Tuesday, 27 October 2015

They also serve

"He missed the point entirely," ranted my mom on the way home from church one Sunday near Remembrance Day. "They weren't just sitting around waiting. They were doing things. Milton himself wasn't just sitting around and waiting. He was writing poetry!"

She was arguing-as only my mother could do- against the thesis proposed by our minister Bert Willis in a sermon based on John Milton's poem "On His Blindness." Milton's poem was written after he became blind. A deeply religious man, Milton wondered what God expected him to do once he was blind. How could he use his talent when he couldn't see?  The Reverend Willis pondered about what we could do when we were faced with forces that made us unable to act. As I recall, he talked about faith and service and the fact that there are many ways to serve God. The Reverend Willis talked about people who stayed behind during the wars and how their particular form of service was to wait.

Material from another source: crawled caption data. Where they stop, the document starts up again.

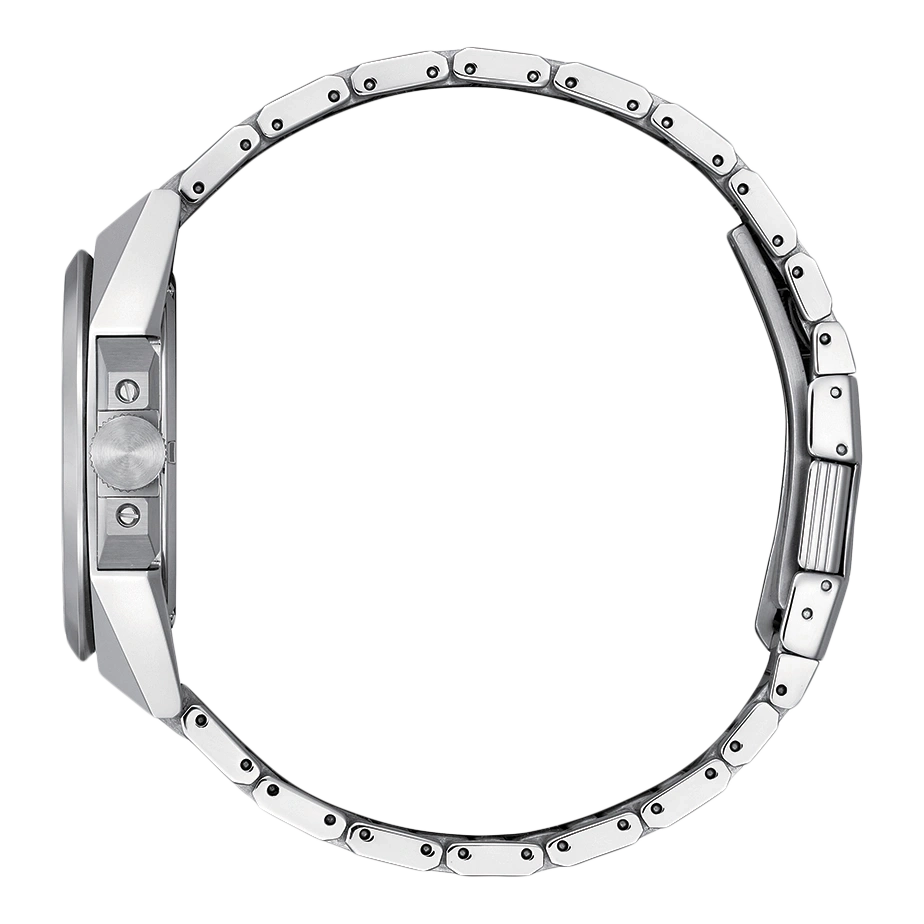Zijaanzicht van een zilveren horloge met metalen band, close-up.
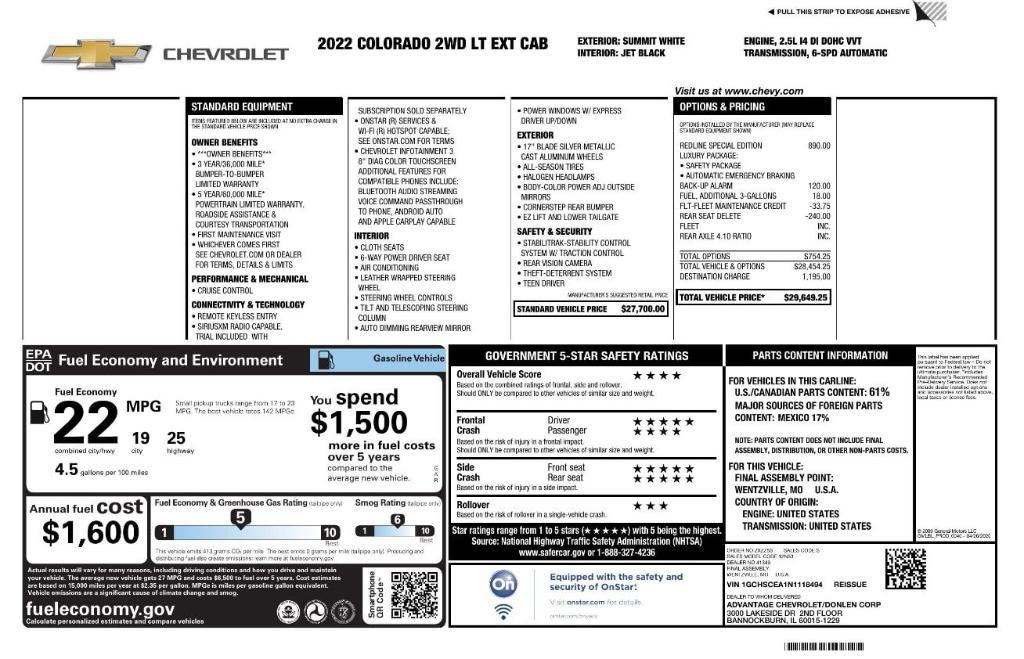 used 2022 Chevrolet Colorado car, priced at $15,799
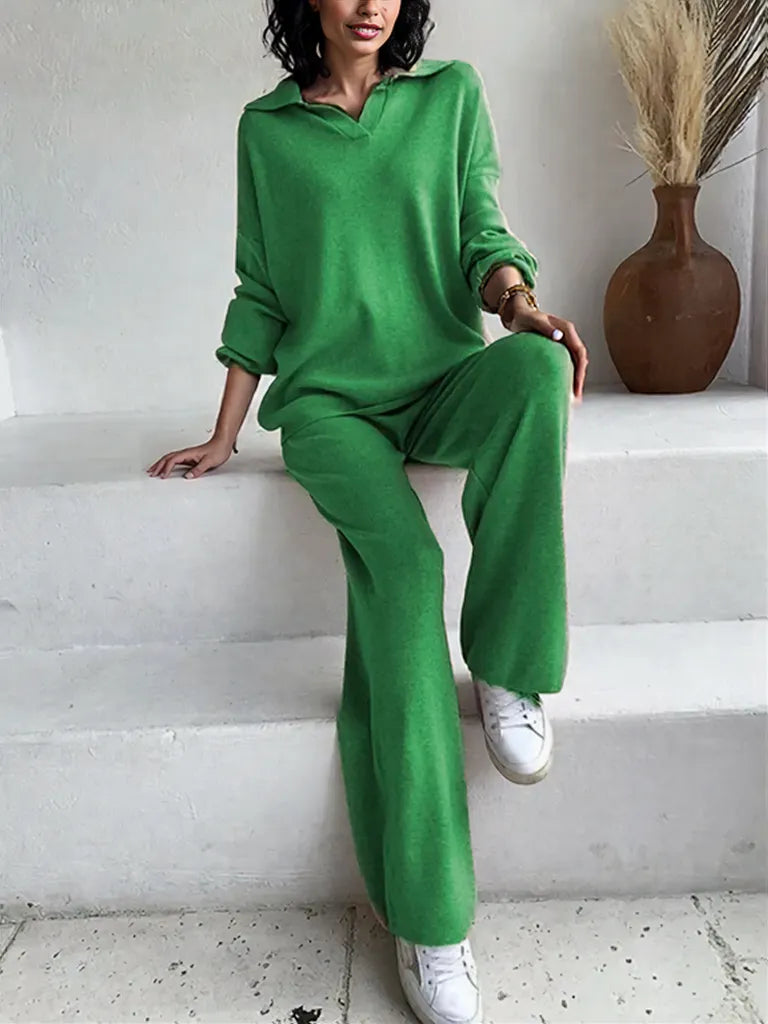 Johnny Collar Long Sleeve Top and Pants Sweater Set Dark Green One Size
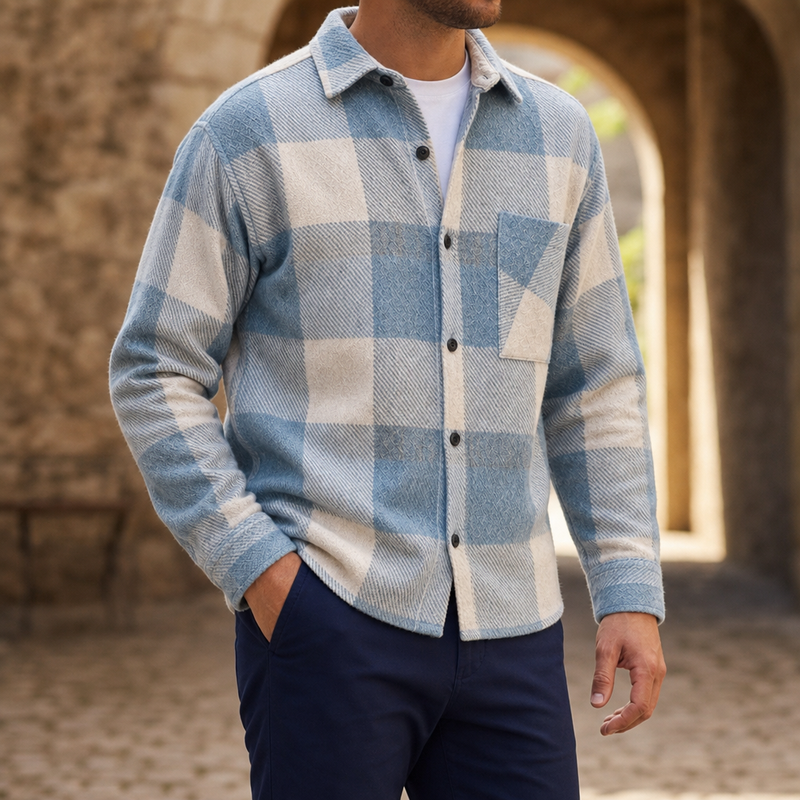 Narbonne Plaid Flannel Overshirt in Blue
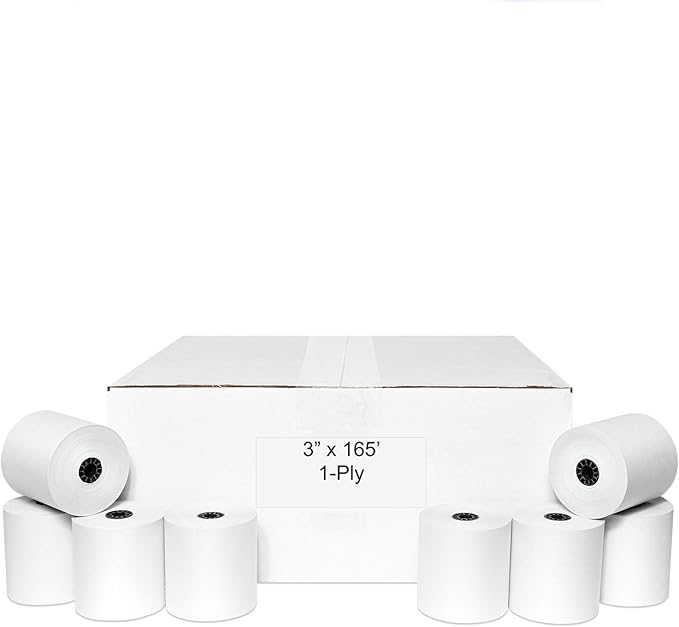 3" x 165' CASH REGISTER ROLLS,1 PLY BOND PRINTER POS PAPER ROLL 50 ROLLS/CASE (Double Solid Core)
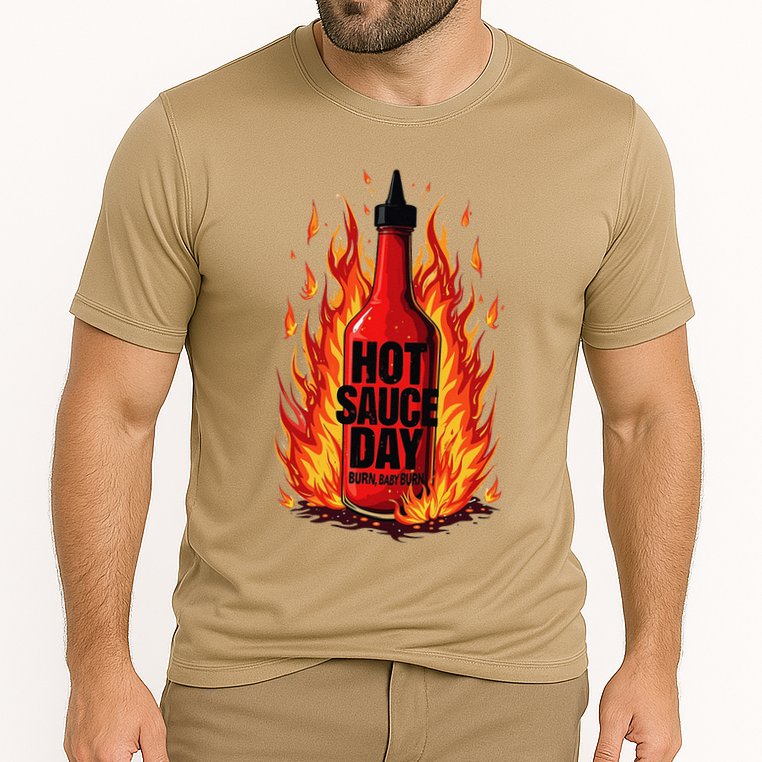 Hot Sauce Day Burn Baby Burn Passionate Fire Cooling Performance Crew T-Shirt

At least that's how I remember it.

Mom and Dad making cotton candy. With their own
machine they bought to fundraise with.
My mother was never one to sit and wait. Or even to sit. She was at times frenetically busy, a compulsive volunteer who was constantly thinking of new projects.  I can't remember her sitting through a TV show without also knitting, sewing, marking papers or talking about the show or something else all together. I don't remember her preparing a meal without stopping to read a magazine article. She was a multi-tasker before  the word was even invented.

So for the minister to suggest that people could somehow "serve" by doing nothing? Ridiculous.

Our culture is based on being busy. Ask people how they are doing, and the reply is rarely about how they feel but how they live. "Busy," they say, "Too busy. Run off my feet."  It's a source of pride. I know this because I say it myself. I hear it from my friends and neighbours and my own children. My daughter tells me she can't sit through a TV show. She needs to be doing something.  And I wonder how good that is for all of us.

Would it help us, to be less busy? Could we learn to stand and wait? I'd love to try. If I could just find the time.


When I consider how my light is spent
Ere half my days in this dark world and wide,
And that one talent which is death to hide
Lodg'd with me useless, though my soul more bent
To serve therewith my Maker, and present
My true account, lest he returning chide;
"Doth God exact day-labour, light denied?"I fondly ask. 
But Patience to prevent
That murmur, soon replies: "God doth not need
Either man's work or his own gifts; who best
Bear his mild yoke, they serve him best. His state
Is kingly. Thousands at his bidding speed
And post o'er land and ocean without rest:
They also serve who only stand and wait."